### Collected material
<<<<

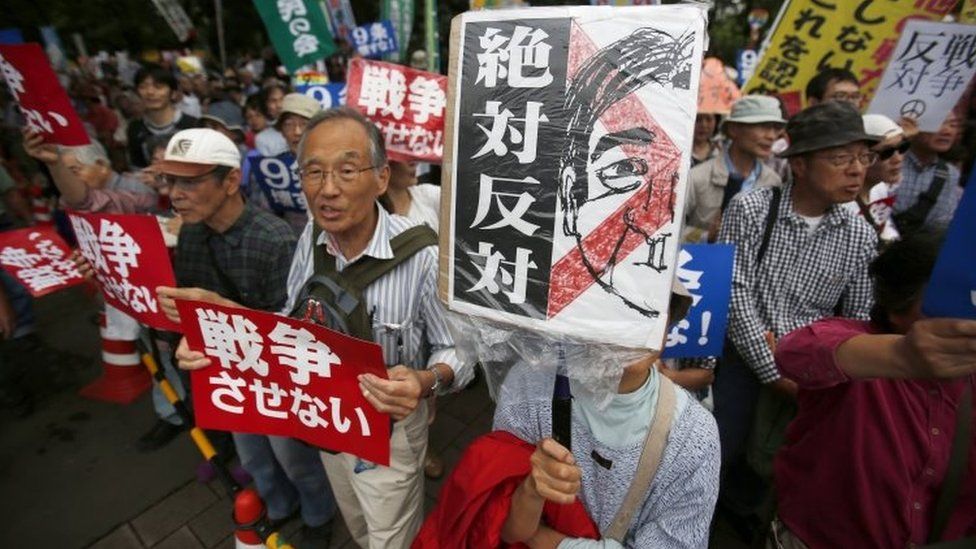 Protesters holding "No war" placards stage a rally against Japanese government in front of the parliament building in Tokyo (19 September 2015)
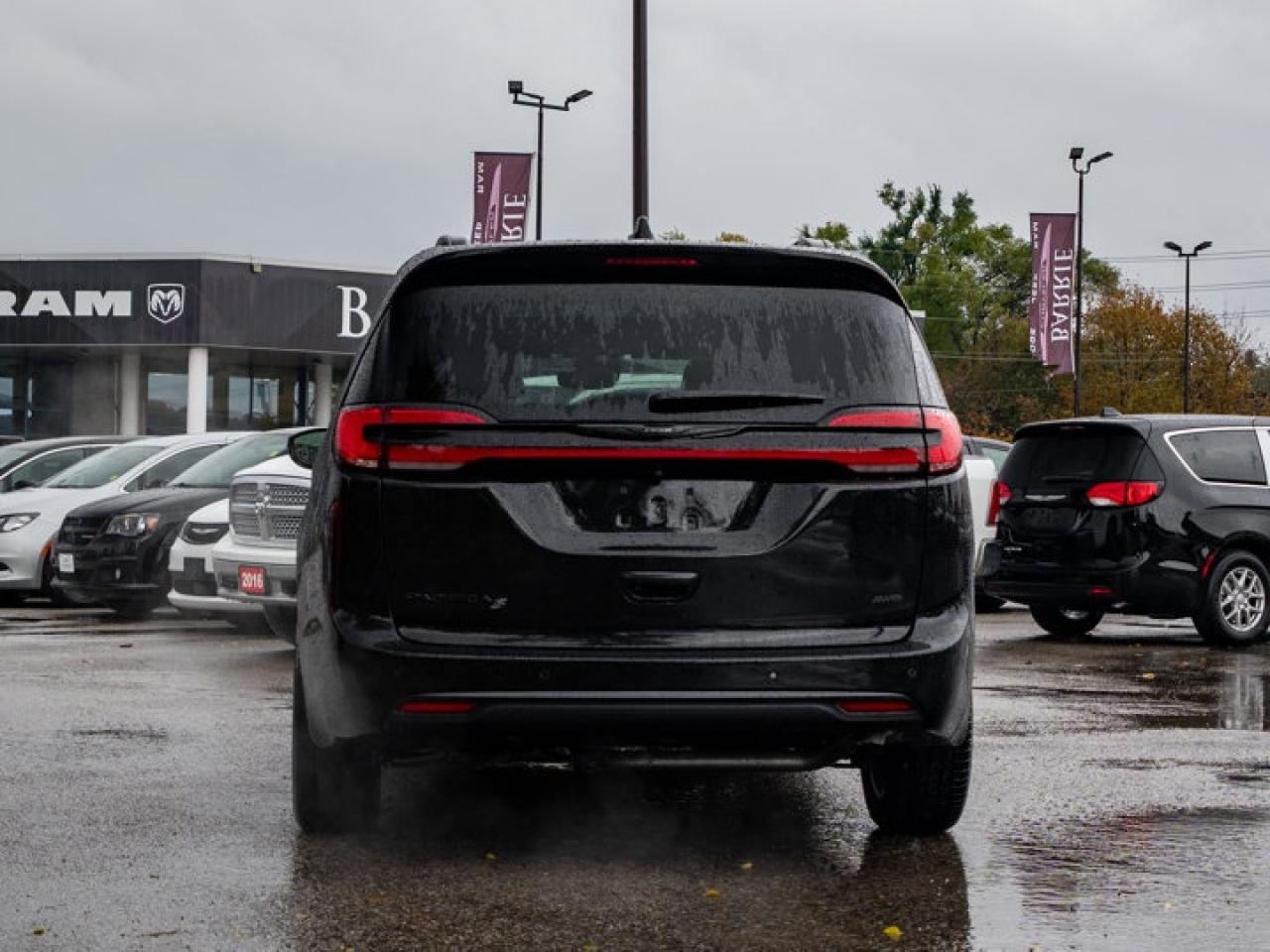 2026 Chrysler Pacifica Select Photo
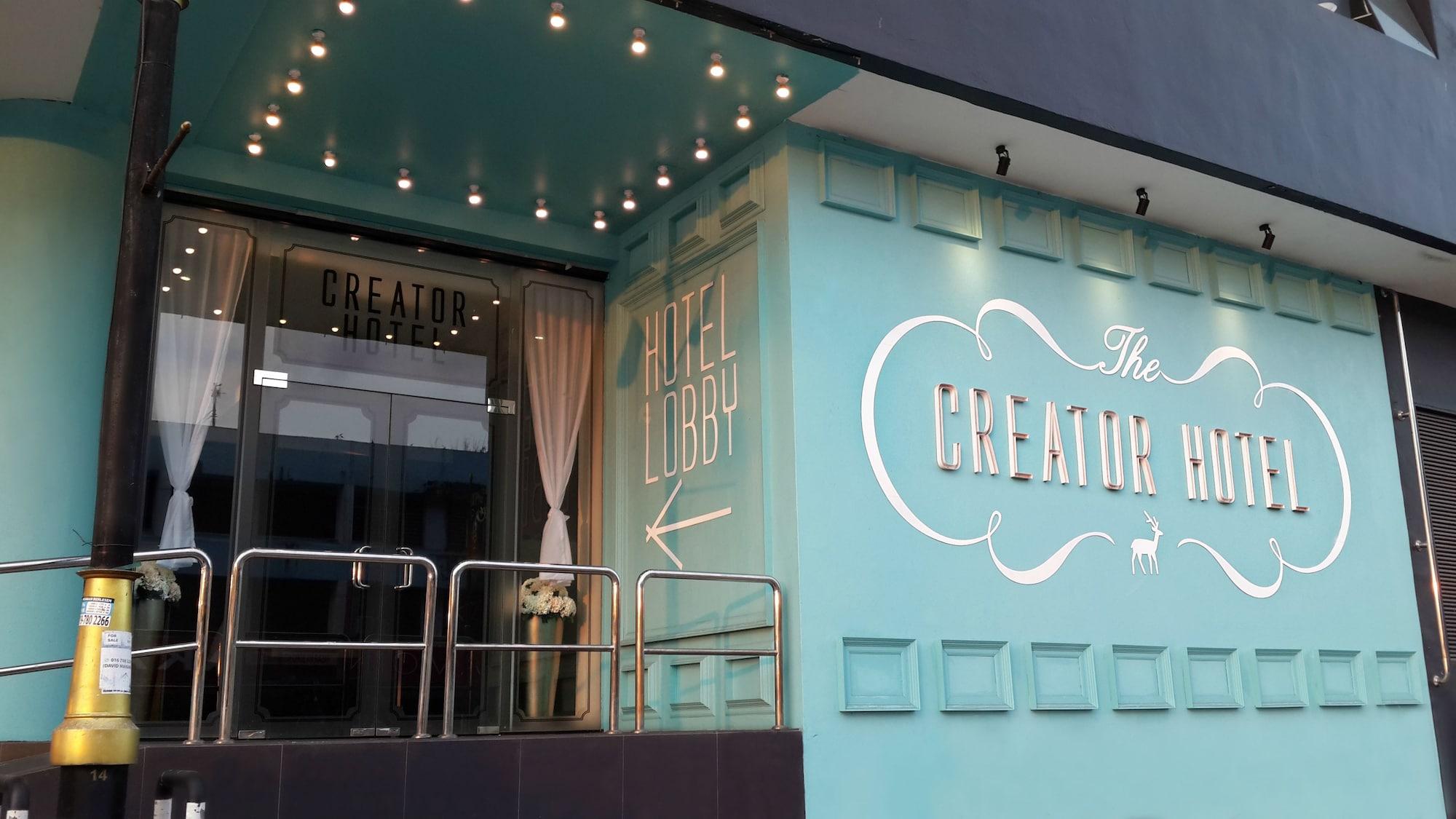 Creator Hotel Kulai Exteriör bild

>>>>

### What you have to do
Your reply should hold every line of the material, unaltered, and not one picture.

### Solution to the problem
 Protesters holding "No war" placards stage a rally against Japanese government in front of the parliament building in Tokyo (19 September 2015)
 2026 Chrysler Pacifica Select Photo
 Creator Hotel Kulai Exteriör bild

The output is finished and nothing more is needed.